【7月5日 AFP】北朝鮮が発射実験を行った大陸間弾道ミサイル(ICBM)は米アラスカ(Alaska)に到達する能力があるとみられている。そうした中で改めて浮き彫りになったのは、中国の対北朝鮮介入努力への信頼を失ったドナルド・トランプ(Donald Trump)米大統領にとって、北朝鮮の核開発を阻止する選択肢が狭められてきていることだ。

 今年1月に大統領に就任する直前、トランプ氏は、北朝鮮には米本土が射程に入るような核兵器は絶対に開発させないと主張し、「そういうことは起きない!」とツイッター(Twitter)に投稿していた。 

 しかし米政府が北朝鮮のICBM発射実験が成功したことを確認すると、専門家の間から、北朝鮮のミサイル開発が核弾頭を搭載できるほどにまで進めば、越えてはならないとされていた一線が近付きつつあることを米国も認めざるを得なくなるだろうとの見方が出てきている。

 米カリフォルニア(California)州に拠点を置くミドルベリー国際大学院モントレー校(MIIS)の核不拡散問題の専門家ジェフリー・ルイス(Jeffrey Lewis)氏はAFPに対し、「北朝鮮の非核化に向けた交渉の窓は閉ざされた」と指摘した。「肝心なのは、北朝鮮が核弾頭を搭載できるICBMを手にしたということを私たちが受け入れなくてはならないということだ」

 4日に北朝鮮がICBMを発射した直後にトランプ大統領は、「場合によっては中国が北朝鮮に対して厳しい態度に出て、こうした愚行を終わらせてくれるだろう」とツイッターに投稿し、金正恩(キム・ジョンウン、Kim Jong-Un)朝鮮労働党委員長を非難する一方で、中国をもけん制した。

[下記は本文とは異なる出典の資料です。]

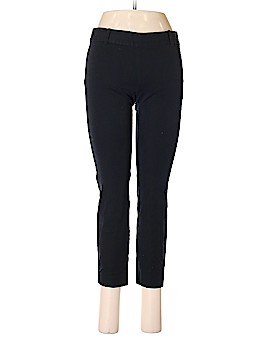 J.Crew Mercantile Size 4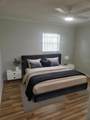 6144 Elmhurst Drive - Photo 14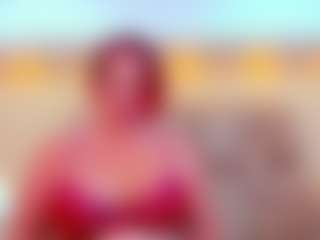 Mia Hot's Live Sex Cam Show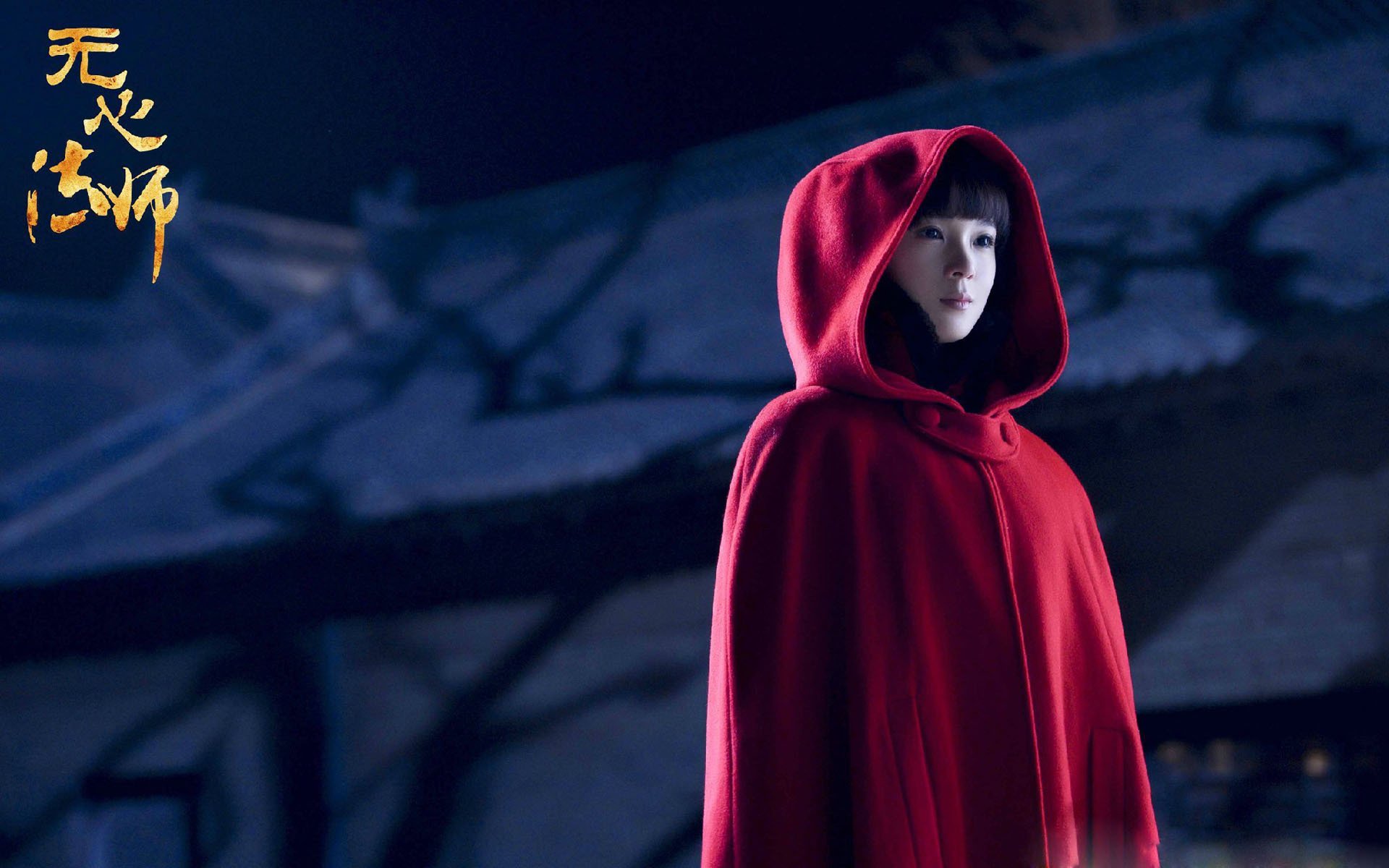 《Valorant冠军联赛，众神之战引爆电竞热潮》，valorant esport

 トランプ氏はこれまで中国に対して核・ミサイル開発を続ける北朝鮮に圧力をかけるよう要請してきた。しかし、先月になって中国の取り組みは「これまでのところうまくいっていない」と漏らすなど、トランプ氏が金政権の動きを抑える中国の力を見限ったことを示す兆候がいくつか出ている。

 トランプ米政権が強硬姿勢を取るようになってきていることは、6月29日に北朝鮮とのつながりを持つ中国の金融機関に対する制裁措置を発表したことからもうかがえる。